Please install the following R libraries before installing IKAP:
Seurat, dplyr, reshape2, PRROC, WriteXLS, rpart, stringr, and rpart.plot


IKAP installation:

  1. First, you need to install the devtools package. You can do this from CRAN. Invoke R and then type

    install.packages("devtools")
    
  2. Load the devtools package.

    library(devtools)
    
  3. Install IKAP

    remotes::install_github("mr-september/IKAP")
    

The main function, IKAP, takes a Seurat object with the normalized expression matrix and other parameters set by default values if not specified. IKAP explores sets of cell groups (clustering) by varying resolution (r) and the number of top principal components (nPC) for Seurat SNN clustering and picks a few candidate sets among all explored sets with one marked as the best that likely produces distinguishing marker genes.

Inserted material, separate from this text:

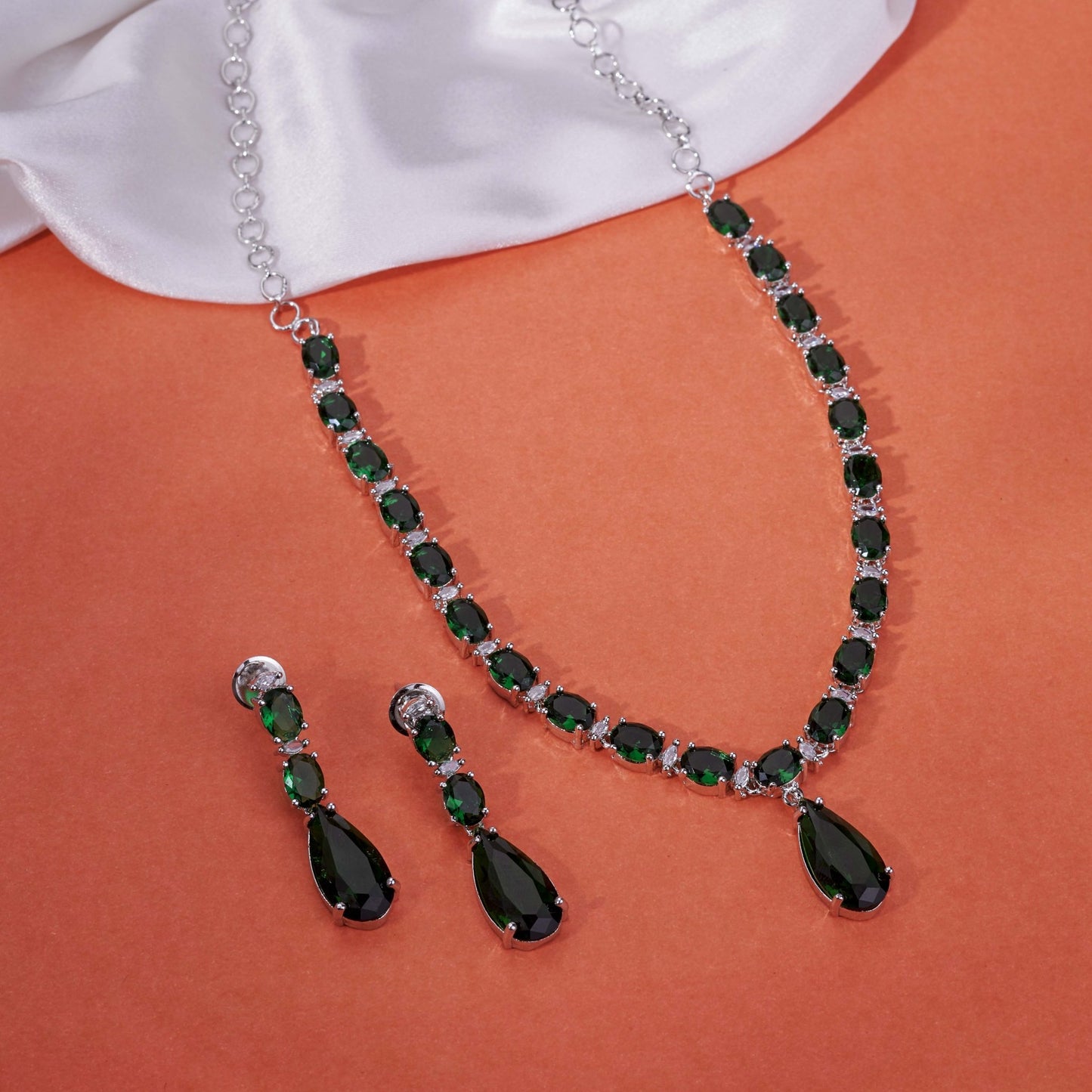 Necklace - Glarient Rhodium Plated Necklace Set - Opal Touch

Note: IKAP will, by default, regress out the percentage of mitochondrial gene counts and total UMI counts and scale the expression matrix using Seurat ScaleData function. These two values should be save in Seurat metadata with column names 'percent.mito' and 'nUMI' respectively. If you want to regress out different confounding variables or use different column names, please save these variables in Seurat metadata and set 'confounders' (an IKAP parameter) as their column names in the Seurat metadata data frame.



IKAP Workflow

Usage:

Seurat_obj <- IKAP(Seurat_obj, out.dir = "./IKAP")

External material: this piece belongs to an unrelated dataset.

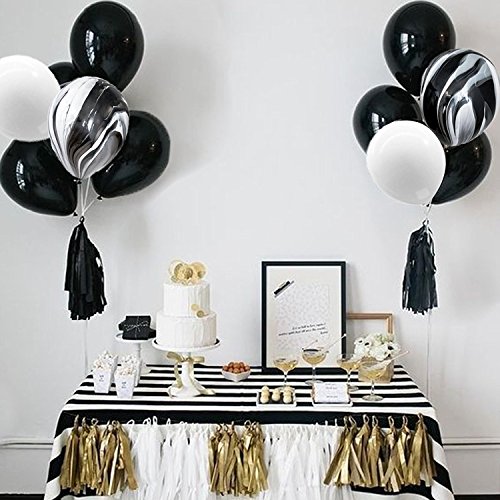 Divine 30 Pcs 12 Inch Black White Balloons Set Black Agate Marble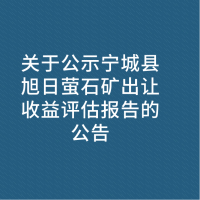 关于公示宁城县旭日萤石矿出让收益评估报告的公告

Returned data and output files (saved in the output directory, default = ./IKAP/):

Seurat object: IKAP returns a Seurat object with all explored sets in the metadata data frame.

  • PC_K.pdf:

The heatmap shows the statistics for every combination of r and nPC explored. Candidate sets are marked as 'X' with the best marked as 'B'. The corresponding cell membership can be found in the metadata of the returned Seurat object with column name 'PC?K?'. For example, if 'B' (the best set) is marked at nPC = 20 and k = 8, the corresponding cell membership is stored in column 'PC20K8' in the metadata.

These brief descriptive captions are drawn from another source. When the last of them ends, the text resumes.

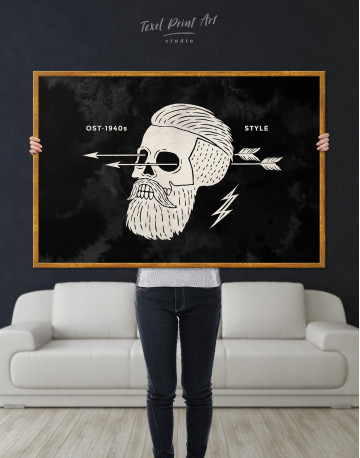 Framed Black and White Barber Skull Canvas Wall Art - image 2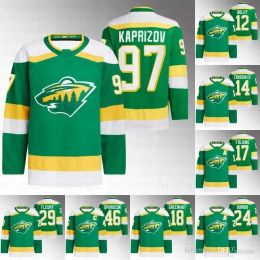 Aangepaste hockeytrui heren dames jong Minnesota Jersey 29 Marc-Andre Fleury 90 Ryan O''Reilly Joel Eriksson Ek Mats Zuccarello Alex Goligoski Matt Boldy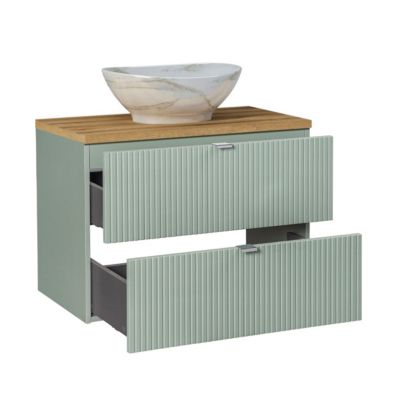 Ensemble meuble simple vasque 80cm 2 tiroirs miroir LED et colonne Jade Vert et Bois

  • data.xls and markers.all.rds:

It saves the statistics (plotted in PC_K.pdf) for determining candidate sets in the first sheet. The other sheets display the (upregulated) marker genes for candidate sets. The R object, markers.all.rds, contains a data frame of marker genes for every candidate set.

  • *.png:

Heatmaps show expression of top 10 (ranked by expression fold change) marker genes from each cell group for candidate sets. They are plotted using Seurat DoHeatmap function.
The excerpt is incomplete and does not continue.